What you return should match every record exactly, with the images removed.

[Opening PROVIDED ENTRIES section]

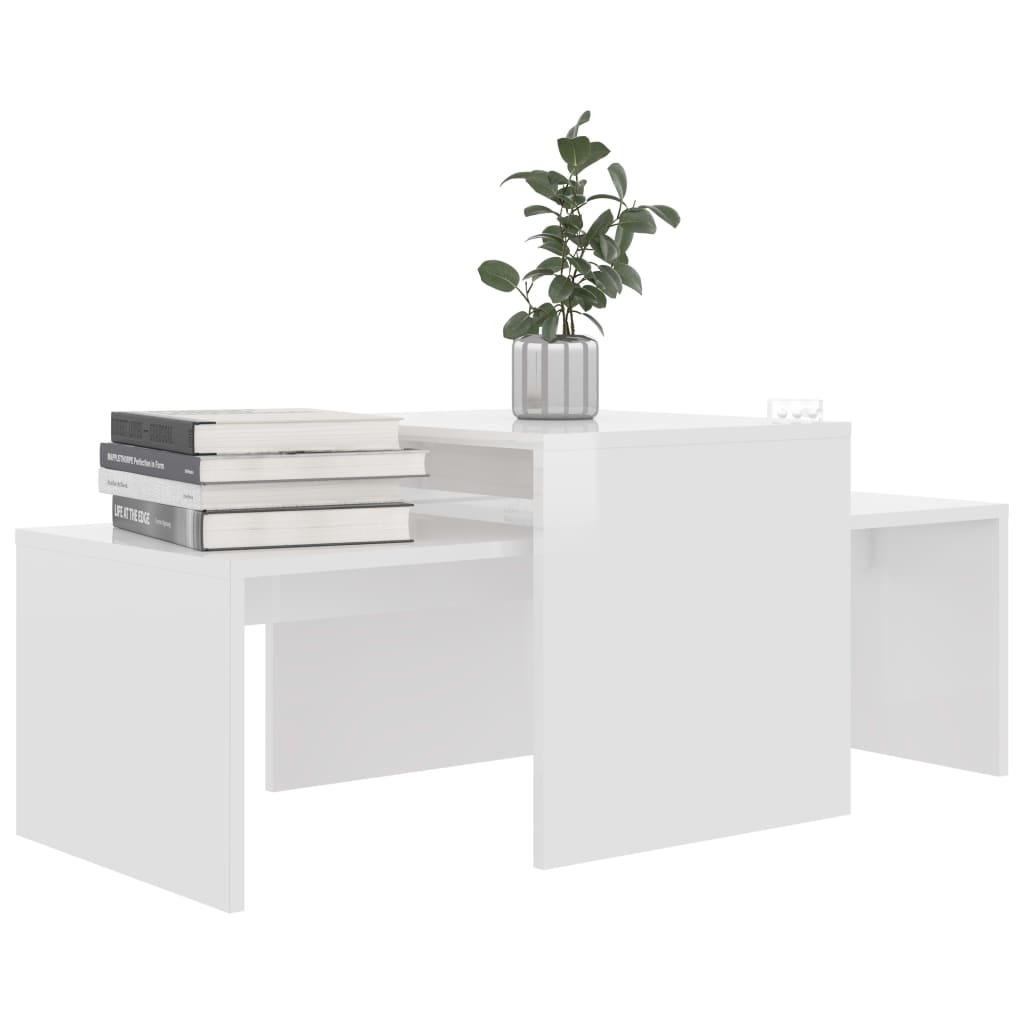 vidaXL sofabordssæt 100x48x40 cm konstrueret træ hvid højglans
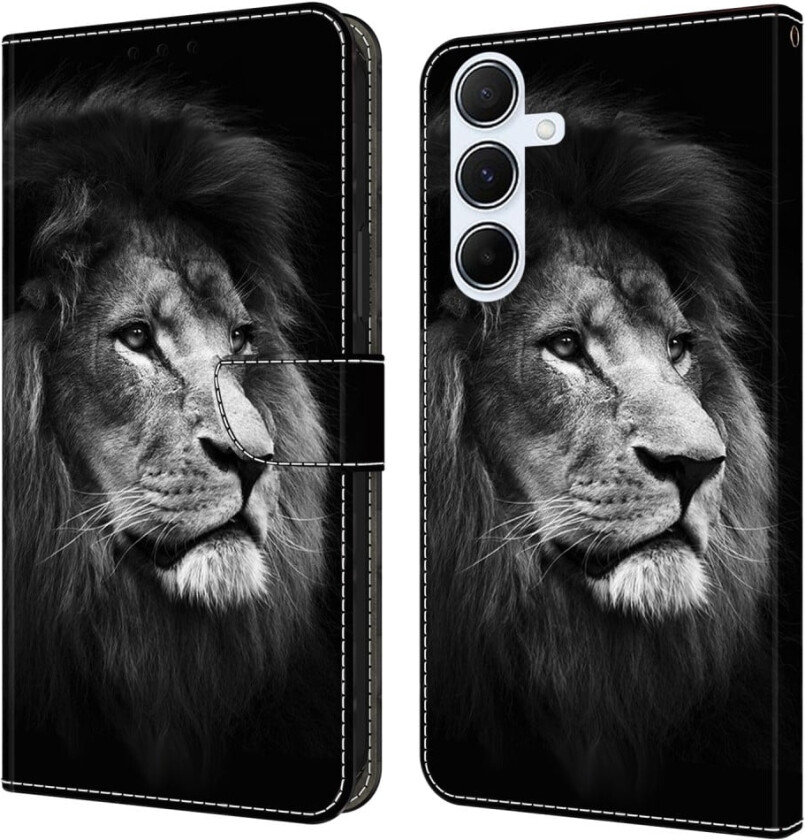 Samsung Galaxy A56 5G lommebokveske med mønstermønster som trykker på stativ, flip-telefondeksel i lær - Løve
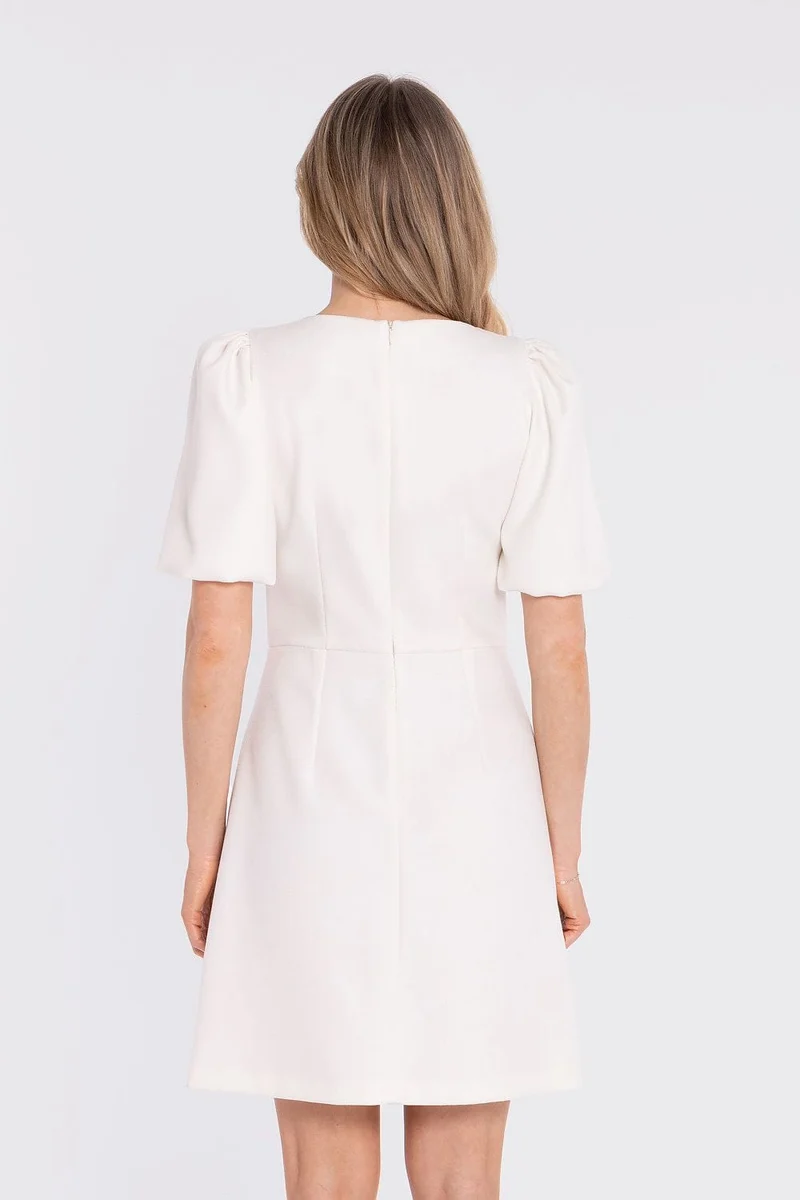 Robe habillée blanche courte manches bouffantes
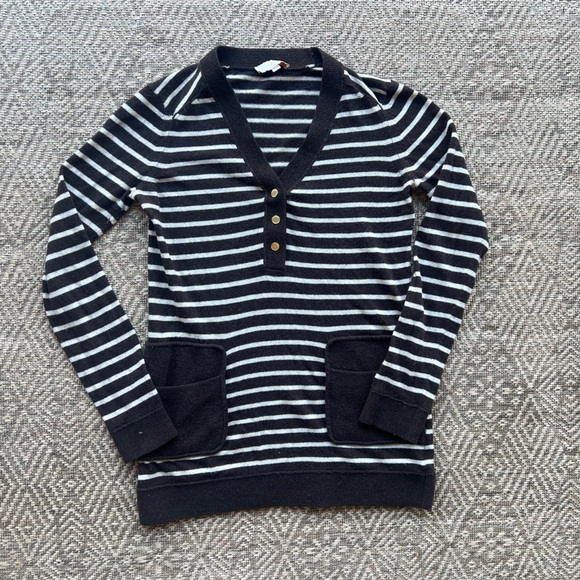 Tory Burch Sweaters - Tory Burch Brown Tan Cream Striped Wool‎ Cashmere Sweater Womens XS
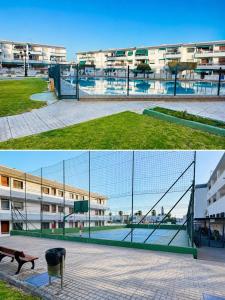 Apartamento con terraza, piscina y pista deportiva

[Closing PROVIDED ENTRIES section]

TASK SOLUTION:
 vidaXL sofabordssæt 100x48x40 cm konstrueret træ hvid højglans
 Samsung Galaxy A56 5G lommebokveske med mønstermønster som trykker på stativ, flip-telefondeksel i lær - Løve
 Robe habillée blanche courte manches bouffantes
 Tory Burch Sweaters - Tory Burch Brown Tan Cream Striped Wool‎ Cashmere Sweater Womens XS
 Apartamento con terraza, piscina y pista deportiva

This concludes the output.